Graduate students and faculty are invited to “Coffee Night/Drop in” sessions this semester, in Flowers Hall 361. There will be coffee, tea, and snacks. Drop-ins will take place on the following dates: Wednesday Oct 10, 5:00-6:30; Tuesday November 13, 5-6:30; and Monday December 3, 5-6:30.
Kate McClancy presented “The Gender Game: Cold War Nostalgia and Women Spies” at the inaugural meeting of the Comics Studies Society, held at the University of Illinois Champaign-Urbana this past August.
A feature article on Naomi Shihab Nye was published by the University News Service: http://news.txstate.edu/featured-faculty/2018/naomi-shihab-nye.html.
Debra Monroe has signed a contract with textbook publisher Kendall Hunt to edit a teaching anthology tentatively titled Anthology of Contemporary Creative Nonfiction.
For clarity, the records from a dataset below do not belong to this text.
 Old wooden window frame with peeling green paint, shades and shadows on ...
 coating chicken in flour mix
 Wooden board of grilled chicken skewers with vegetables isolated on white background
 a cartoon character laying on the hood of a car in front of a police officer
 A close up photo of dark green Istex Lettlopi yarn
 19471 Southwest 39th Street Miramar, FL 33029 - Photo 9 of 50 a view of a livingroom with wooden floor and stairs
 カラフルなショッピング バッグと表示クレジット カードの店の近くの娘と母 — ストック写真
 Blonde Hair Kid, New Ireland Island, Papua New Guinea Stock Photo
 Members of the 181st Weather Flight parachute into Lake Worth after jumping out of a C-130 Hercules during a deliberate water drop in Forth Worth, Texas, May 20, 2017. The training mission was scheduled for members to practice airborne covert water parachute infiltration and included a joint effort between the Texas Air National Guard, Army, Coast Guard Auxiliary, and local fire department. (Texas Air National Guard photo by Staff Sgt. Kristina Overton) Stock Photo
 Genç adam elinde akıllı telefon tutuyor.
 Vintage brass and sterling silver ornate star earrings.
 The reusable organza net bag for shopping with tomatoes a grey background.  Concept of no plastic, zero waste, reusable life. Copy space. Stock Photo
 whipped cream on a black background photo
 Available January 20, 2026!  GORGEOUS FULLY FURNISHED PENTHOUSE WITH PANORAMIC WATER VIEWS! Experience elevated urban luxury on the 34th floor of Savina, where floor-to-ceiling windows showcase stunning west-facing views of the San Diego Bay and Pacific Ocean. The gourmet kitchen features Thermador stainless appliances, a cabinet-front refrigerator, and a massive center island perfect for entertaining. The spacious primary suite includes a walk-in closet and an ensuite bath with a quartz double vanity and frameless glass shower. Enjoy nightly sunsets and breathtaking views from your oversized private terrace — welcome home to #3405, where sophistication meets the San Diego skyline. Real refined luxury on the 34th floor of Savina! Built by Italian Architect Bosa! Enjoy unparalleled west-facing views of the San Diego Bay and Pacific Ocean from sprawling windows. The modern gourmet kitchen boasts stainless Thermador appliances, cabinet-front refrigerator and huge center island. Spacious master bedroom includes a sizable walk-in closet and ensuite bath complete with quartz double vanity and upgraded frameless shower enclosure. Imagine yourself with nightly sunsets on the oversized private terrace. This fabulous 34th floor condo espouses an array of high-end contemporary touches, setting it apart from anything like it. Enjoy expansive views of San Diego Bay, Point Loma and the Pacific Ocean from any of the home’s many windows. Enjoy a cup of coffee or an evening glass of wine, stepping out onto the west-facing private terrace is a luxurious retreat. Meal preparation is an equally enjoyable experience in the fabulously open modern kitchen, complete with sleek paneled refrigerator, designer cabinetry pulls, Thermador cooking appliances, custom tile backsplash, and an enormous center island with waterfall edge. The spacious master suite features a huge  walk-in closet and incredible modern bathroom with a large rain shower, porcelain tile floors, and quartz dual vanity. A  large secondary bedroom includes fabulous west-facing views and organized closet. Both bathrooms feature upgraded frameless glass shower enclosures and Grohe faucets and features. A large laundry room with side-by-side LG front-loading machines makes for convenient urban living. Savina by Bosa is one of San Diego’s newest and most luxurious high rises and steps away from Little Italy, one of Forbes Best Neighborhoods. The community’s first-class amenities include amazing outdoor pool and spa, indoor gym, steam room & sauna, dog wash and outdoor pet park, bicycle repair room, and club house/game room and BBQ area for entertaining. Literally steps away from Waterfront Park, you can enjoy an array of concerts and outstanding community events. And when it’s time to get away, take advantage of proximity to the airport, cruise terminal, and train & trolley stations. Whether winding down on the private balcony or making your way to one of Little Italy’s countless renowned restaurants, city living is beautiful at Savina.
It will include her introductory essay on history as well as theory and craft. The book is slated for release in early 2020.
In July, Teya Rosenberg presented “‘Not in your time, indeed not in my time’: Educational Intent, Cultural Identity, and Global Influences in the Newfoundland Jack Picture Books” at the Australasian Children’s Literature Association for Research in Wellington, New Zealand; and more recently, she spoke at the September meeting of PFLAG San Marcos about LGBTQ representations and issues in children’s and young adult literature.
On September 11, Susan Morrison taught a graduate seminar for Rice University, via Skype, on the topic of “Waste.”
Whitney May’s “Through the Cheval-Glass: The Doppelgänger and Temporal Modernist Terror in The Strange Case of Dr. Jekyll and Mr. Hyde” has been published in the summer issue of Supernatural Studies.